▶ [PROBLEM TO WORK ON]:
Copy out the full listing exactly, omitting any picture it contains.

▶ [COLLECTED DATA]:
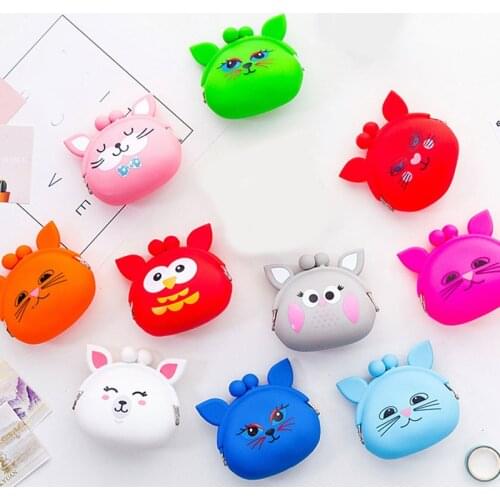 Cute Women New Coin Bag Silicone Storage Animal Panda Cat Bear Mini Pouch Coin Bag Change Wallet Purse Hasp New Design Wallets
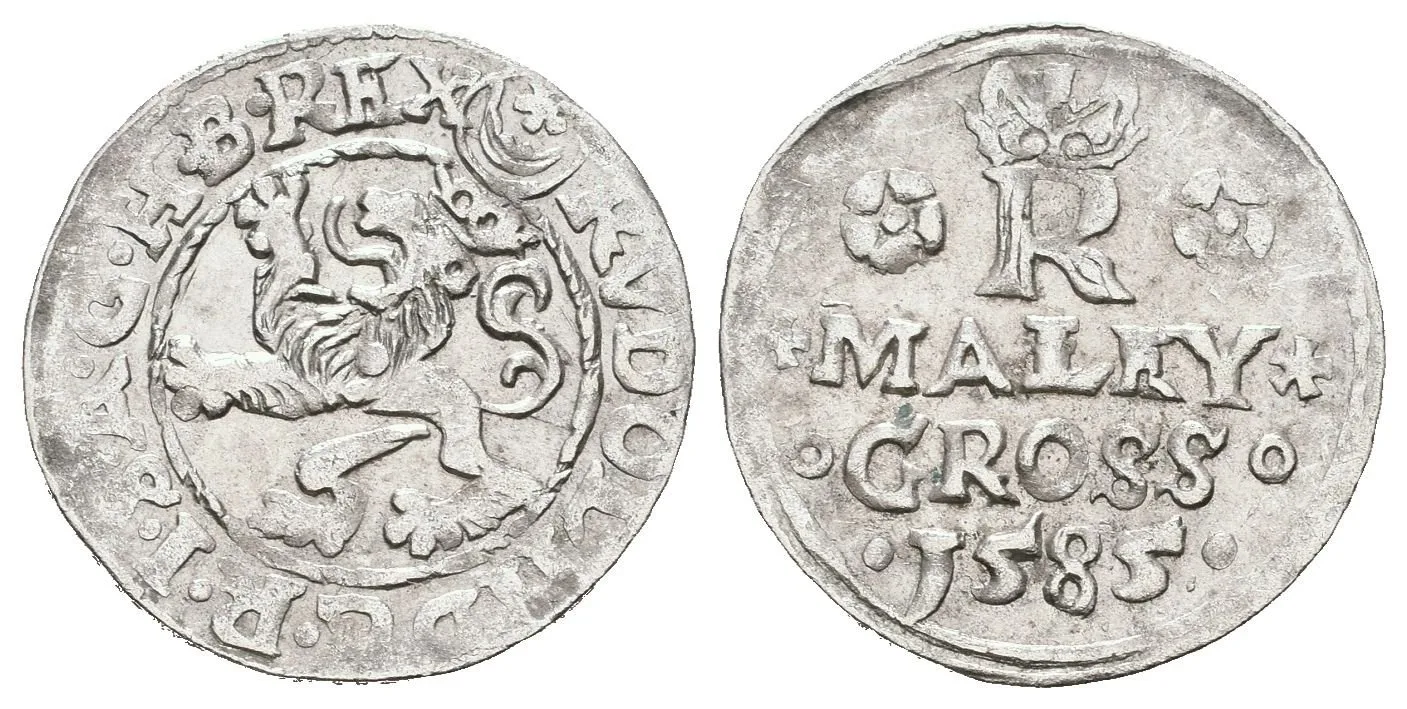 Malý groš 1585, Jáchymov-Hofmann, HN.7a (opis 7c), pěkná zachovalost, drobné rysky — 1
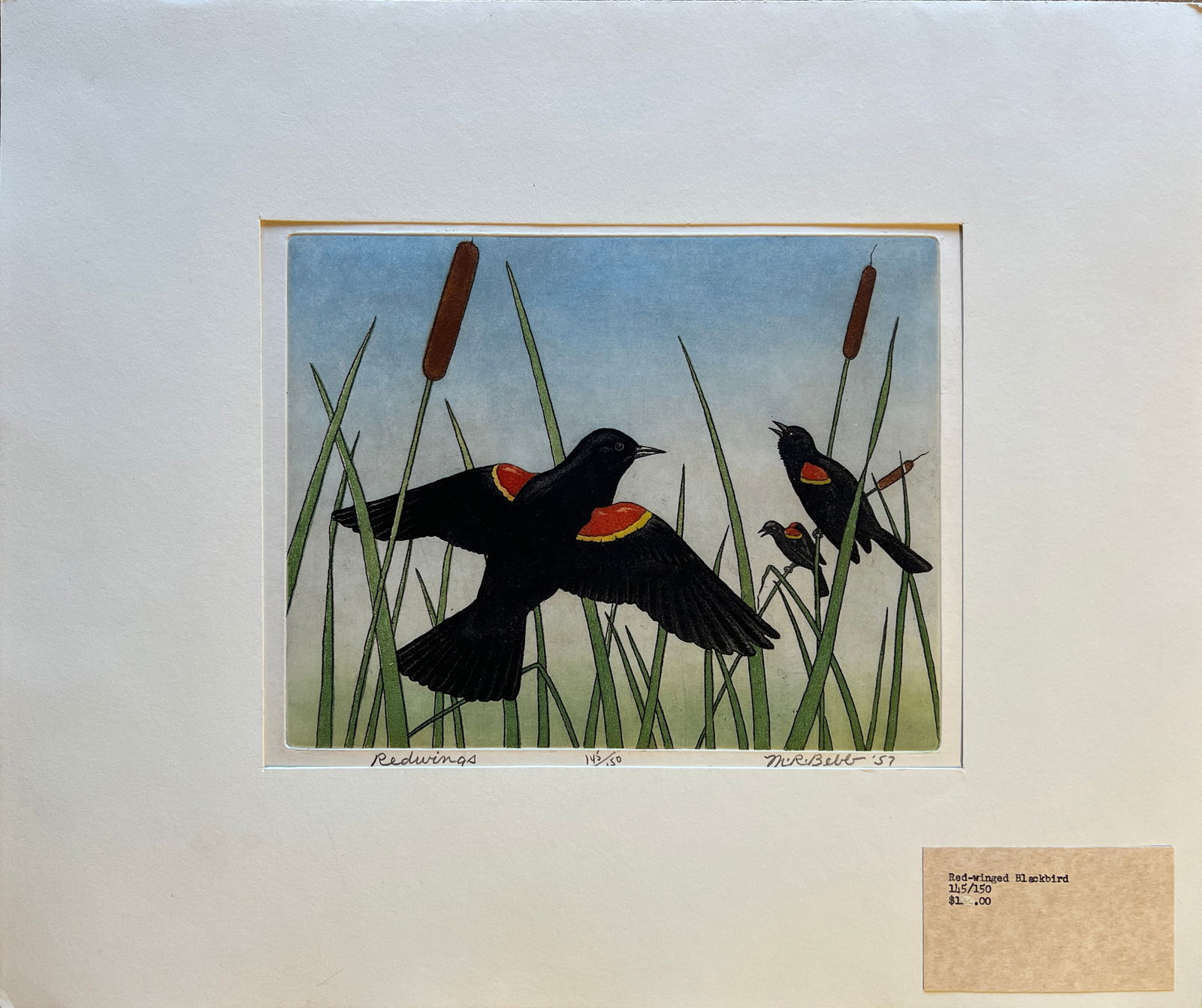 Bebb, Maurice (1891-1986) Redwings, 1957, 4-plate color aquatint and soft ground etching on paper (1 of 7)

▶ [SOLUTION]:
 Cute Women New Coin Bag Silicone Storage Animal Panda Cat Bear Mini Pouch Coin Bag Change Wallet Purse Hasp New Design Wallets
 Malý groš 1585, Jáchymov-Hofmann, HN.7a (opis 7c), pěkná zachovalost, drobné rysky — 1
 Bebb, Maurice (1891-1986) Redwings, 1957, 4-plate color aquatint and soft ground etching on paper (1 of 7)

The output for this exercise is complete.